> The problem
From start to end, write out the following data exactly, apart from its images.

╭─ Recorded data

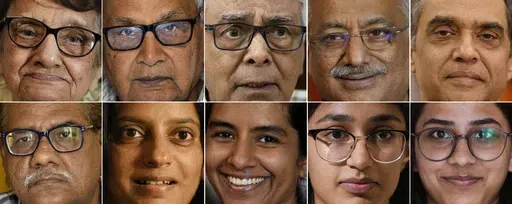 This combo photograph shows Indian voters, top row left to right, Raj Sud, 94, Niranjan Kapasi, 89 , Kuldip Chadha, 79, Ajay Sud, 63, Dhiren Singh, 58, and in second row, left to right, Ajay Jasra, 56, Retha Singh, 49, Shruti Sud, 34, Manya Sachdev, 22 and Anita Jasra, 18, as they talk to the Associated Press about the national elections, in New Delhi, India, March 29, 2024. (AP Photo/Manish Swarup)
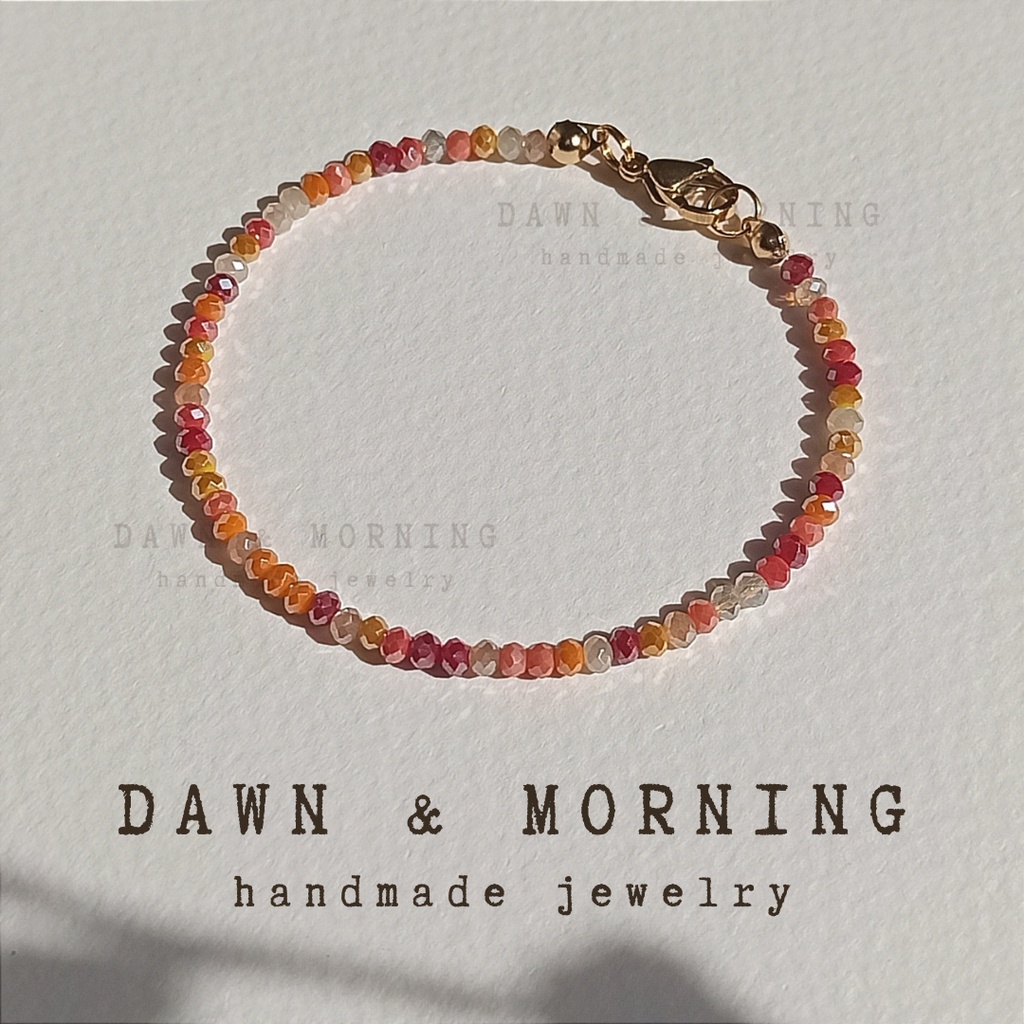 Màu đỏ cam gach dày ~2mm - Vòng tay lắc tay nữ thủ công bằng hạt đá pha lê thủy tinh phối màu phong cách trẻ trung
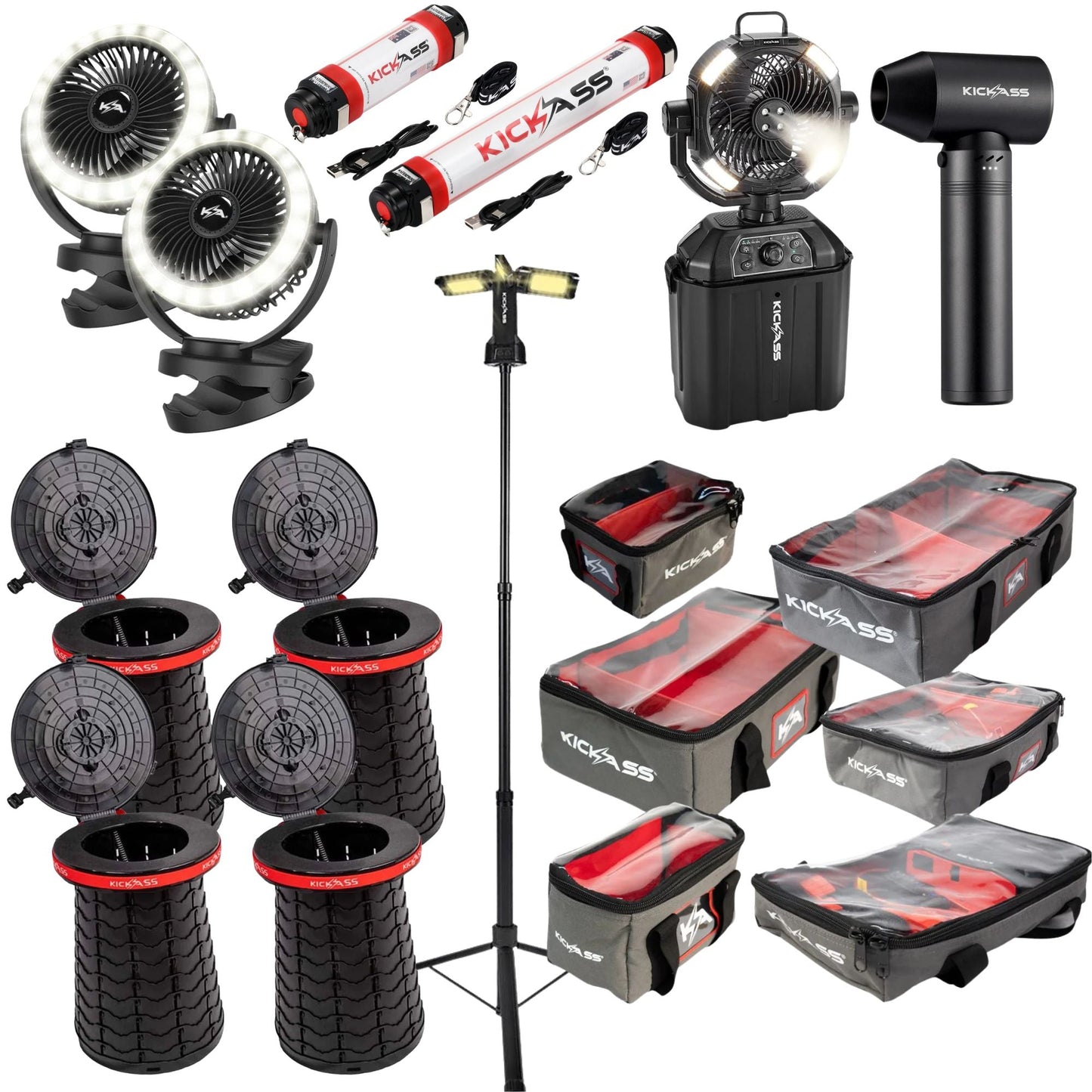 KickAss ProductsKickAss Large Campsite Essentials Bundle with Tripod Camping Light, Misting Fan, Clip Fans, Torches, Pop Up Stools, Jet Blower Fan & Storage BagKACAMPSITEESSLARGE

╰─

> Exercise result
 This combo photograph shows Indian voters, top row left to right, Raj Sud, 94, Niranjan Kapasi, 89 , Kuldip Chadha, 79, Ajay Sud, 63, Dhiren Singh, 58, and in second row, left to right, Ajay Jasra, 56, Retha Singh, 49, Shruti Sud, 34, Manya Sachdev, 22 and Anita Jasra, 18, as they talk to the Associated Press about the national elections, in New Delhi, India, March 29, 2024. (AP Photo/Manish Swarup)
 Màu đỏ cam gach dày ~2mm - Vòng tay lắc tay nữ thủ công bằng hạt đá pha lê thủy tinh phối màu phong cách trẻ trung
 KickAss ProductsKickAss Large Campsite Essentials Bundle with Tripod Camping Light, Misting Fan, Clip Fans, Torches, Pop Up Stools, Jet Blower Fan & Storage BagKACAMPSITEESSLARGE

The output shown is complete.